Below are records; how many of their lines contain "Street"? Give the number and no other words.
** Opening Data provided block **
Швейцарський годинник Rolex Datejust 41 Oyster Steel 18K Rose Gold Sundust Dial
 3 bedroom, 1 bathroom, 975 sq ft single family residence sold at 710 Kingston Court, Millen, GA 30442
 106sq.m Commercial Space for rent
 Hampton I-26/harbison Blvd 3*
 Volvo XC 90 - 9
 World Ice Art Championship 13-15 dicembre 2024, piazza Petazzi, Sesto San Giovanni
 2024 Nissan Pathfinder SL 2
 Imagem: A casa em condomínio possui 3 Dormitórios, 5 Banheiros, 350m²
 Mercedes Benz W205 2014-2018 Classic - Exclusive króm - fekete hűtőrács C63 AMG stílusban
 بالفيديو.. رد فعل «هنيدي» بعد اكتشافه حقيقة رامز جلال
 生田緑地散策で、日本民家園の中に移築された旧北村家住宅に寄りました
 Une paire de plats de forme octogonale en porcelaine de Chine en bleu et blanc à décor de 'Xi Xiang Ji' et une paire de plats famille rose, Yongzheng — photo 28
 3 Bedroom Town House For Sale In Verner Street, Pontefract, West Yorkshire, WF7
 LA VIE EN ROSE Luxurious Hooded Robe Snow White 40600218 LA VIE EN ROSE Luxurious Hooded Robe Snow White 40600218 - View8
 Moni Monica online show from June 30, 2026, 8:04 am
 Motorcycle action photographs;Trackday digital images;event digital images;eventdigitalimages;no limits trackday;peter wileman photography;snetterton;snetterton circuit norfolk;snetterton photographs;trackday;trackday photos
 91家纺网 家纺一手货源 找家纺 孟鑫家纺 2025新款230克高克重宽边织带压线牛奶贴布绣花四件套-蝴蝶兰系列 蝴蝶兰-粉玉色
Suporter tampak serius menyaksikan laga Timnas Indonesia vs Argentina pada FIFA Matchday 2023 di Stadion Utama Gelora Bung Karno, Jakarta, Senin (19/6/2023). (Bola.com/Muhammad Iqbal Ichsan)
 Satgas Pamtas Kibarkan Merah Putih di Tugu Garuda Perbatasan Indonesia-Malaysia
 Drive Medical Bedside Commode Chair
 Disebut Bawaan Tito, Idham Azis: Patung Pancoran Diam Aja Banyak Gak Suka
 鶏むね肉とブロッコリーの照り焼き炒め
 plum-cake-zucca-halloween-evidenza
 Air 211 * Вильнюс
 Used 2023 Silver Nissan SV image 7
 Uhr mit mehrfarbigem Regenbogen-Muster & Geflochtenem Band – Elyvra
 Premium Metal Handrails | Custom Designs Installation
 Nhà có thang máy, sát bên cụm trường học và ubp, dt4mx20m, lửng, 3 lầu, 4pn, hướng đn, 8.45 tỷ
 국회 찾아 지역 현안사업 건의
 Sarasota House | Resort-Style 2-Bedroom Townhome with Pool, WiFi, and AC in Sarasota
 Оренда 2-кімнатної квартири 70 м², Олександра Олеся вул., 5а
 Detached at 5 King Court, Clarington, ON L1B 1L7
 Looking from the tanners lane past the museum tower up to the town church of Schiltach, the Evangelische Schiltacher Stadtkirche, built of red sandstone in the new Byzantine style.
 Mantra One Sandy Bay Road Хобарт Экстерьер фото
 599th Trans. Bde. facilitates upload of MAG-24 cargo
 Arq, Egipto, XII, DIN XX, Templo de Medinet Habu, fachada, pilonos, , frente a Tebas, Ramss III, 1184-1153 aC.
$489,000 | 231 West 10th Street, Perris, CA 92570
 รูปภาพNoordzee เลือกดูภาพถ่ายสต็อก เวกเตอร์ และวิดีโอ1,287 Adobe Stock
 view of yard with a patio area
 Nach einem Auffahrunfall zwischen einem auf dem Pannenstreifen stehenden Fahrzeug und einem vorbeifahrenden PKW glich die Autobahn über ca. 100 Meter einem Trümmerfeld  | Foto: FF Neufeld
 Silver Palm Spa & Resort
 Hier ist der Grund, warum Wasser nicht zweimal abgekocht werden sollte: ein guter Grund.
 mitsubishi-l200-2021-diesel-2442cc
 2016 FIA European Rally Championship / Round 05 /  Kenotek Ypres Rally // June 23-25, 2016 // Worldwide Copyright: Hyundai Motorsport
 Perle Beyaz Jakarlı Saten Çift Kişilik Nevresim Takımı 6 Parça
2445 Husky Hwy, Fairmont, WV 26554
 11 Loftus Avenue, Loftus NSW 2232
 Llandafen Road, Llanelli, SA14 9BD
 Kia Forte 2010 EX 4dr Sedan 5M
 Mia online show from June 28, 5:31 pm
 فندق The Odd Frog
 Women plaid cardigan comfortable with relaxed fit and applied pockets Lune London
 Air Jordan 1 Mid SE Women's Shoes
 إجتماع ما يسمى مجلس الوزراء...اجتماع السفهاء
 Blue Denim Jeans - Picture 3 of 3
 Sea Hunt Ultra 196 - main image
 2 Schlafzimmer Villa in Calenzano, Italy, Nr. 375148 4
** Closing Data provided block **
> **Response to this task**: 2